Trump likes to refer to himself as the president of “Law And Order” these days and his sycophants in the Geezers Only  Party repeat those three words as a mantra. And their voters, presumably, lap it up as a chant worth following, as if those words represent something intrinsically good.

They do not.

Laws can be, and quite often are, impractical, counter-productive, or downright immoral and wrong. Lawful behavior is only as good as the laws that it follows, and unlawful behavior is only as bad as the laws it breaks are good. The order that ensues from enforcement of laws is in this regard completely value-neutral. It has no moral property in itself, it only reflects that of the legal system that has brought it into existence.

To anyone who yearns for Law and Order and not paying particular attention to what kind of Law and what kind of Order, I would like to put forth following points for consideration:

  • In the former USSR and indeed the whole Eastern Bloc order was rigorously enforced and kept by harsh punishments against anyone who disobeyed the law.  And if that is too far in the past for you, today’s China has plenty of laws too, and oh boy do the police keep order there. I could also Godwin it here and say Nazi Germany has had many laws about what can and cannot be done by whom and to whom and its orderliness was quite proverbial, with some quite fancy police departments enforcing said laws.
  • The people who cry for “Law and Order” in USA today are often those who bemoan the dangers of Communism and Socialism and whatnot.

Draw from that any conclusions you want.

Comments

  1. Some Old Programmer says

    Trump has been flouting US laws all of his adult life.

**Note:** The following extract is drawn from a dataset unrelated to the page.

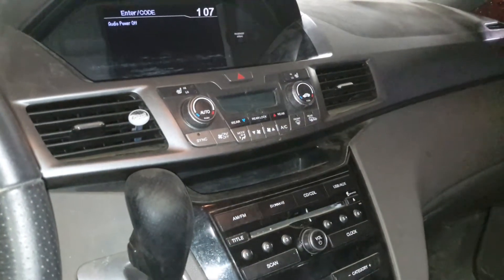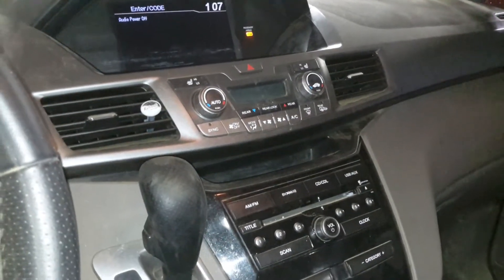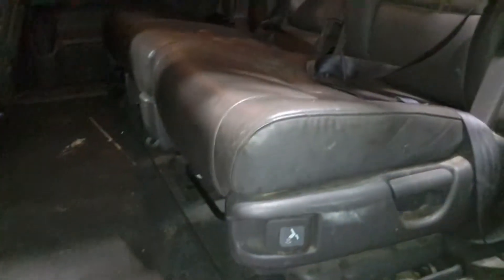Power driver's seat, leather seats, radio is coded, heated front seats. There's the miles on the odometer. Sunroof and second row seating.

His proclamation of “Law and Order” just leaves out the “… for thee, and not for me” bit.

  2. StevoR says

    Trump clearly is a POTUS of law-breaking and disorder based on, well, where do we start?

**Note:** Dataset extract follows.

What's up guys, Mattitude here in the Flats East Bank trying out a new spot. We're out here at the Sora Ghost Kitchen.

    Impeached POTUS of course that is. Maybe time to impachandagian and this time see if we can finally get the Repubs tosee sense?

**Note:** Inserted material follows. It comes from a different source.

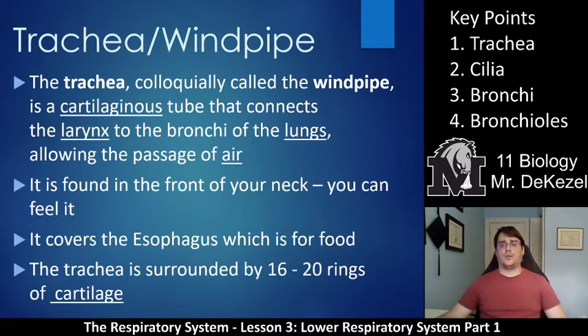Key point one: the trachea or windpipe. The trachea, colloquially, is called the windpipe — that means in everyday language it's called the windpipe. It is cartilaginous, which means it's made of cartilage, kind of like your ear or your nose — hard but flexible. It is a tube that connects the larynx to the bronchi of the lungs, going straight down. Your bronchi start to branch off to your lungs, connecting these branches to your throat or voice box essentially.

    Law and Justice are two very different things and that sesm a huge problem to me.

    Order and disorder seem very much relative to the beholder’s eyes.

    Eg. Police order is an African Amercians, theycan can killanytime anywhere and likely get wawy with it disorder.

    Trump’s order is blatantly chaos and madness and based onhis own lying spoilt toddler ego.

    International order is celarly ,well becoming disorder as the USA ignores, invalids and violates whatever treaty it wants and ecological & climatic order vs what’s happening now ..don’t get me started,.

    A certain Yeats poem about gyres and deaf falcons, Bethlemhem and slouching beasts uborn springs tomind here.. ( https://en.wikipedia.org/wiki/The_Second_Coming_(poem) )

  3. StevoR says

    Typo fixes , w apologies :

    impachandagian -- impeach him again?

    Police “order” is an African Americans “they can can kill me anytime, anywhere and likely get away with it” disorder.

    Bethlemhem = Bethlehem which is Hebrew for both meat and bread as bonus trivia.

    Guess most of the others are clear from context I hope?

  4. Gelaos says

    I’d go even further: nothing is intrinsically good (or bad). There’s no exact objective way to decide whether something is good or wrong or anything else (unlike in formal sciences, where we can exactly prove things). For example, democracy is not better than dictatorship. There is no general humans-independent morality.

    That’s theory. In practice, however, there must be some selected criteria and ground rules in order for human societes to function. If we use given criteria, then we can perhaps say that democracy is better in some aspects, but we can’t say that it is totally better system than dictatorship. Same reasoning applies to all other aspects of human lifes…
    So when Trump calls for “law and order”, I agree with the very core of that statement, because there must be some law and order in modern developed society. But it’s the other layers of the statement (resp. the things that constitute his view of “law and order”) that make me dislike what he said.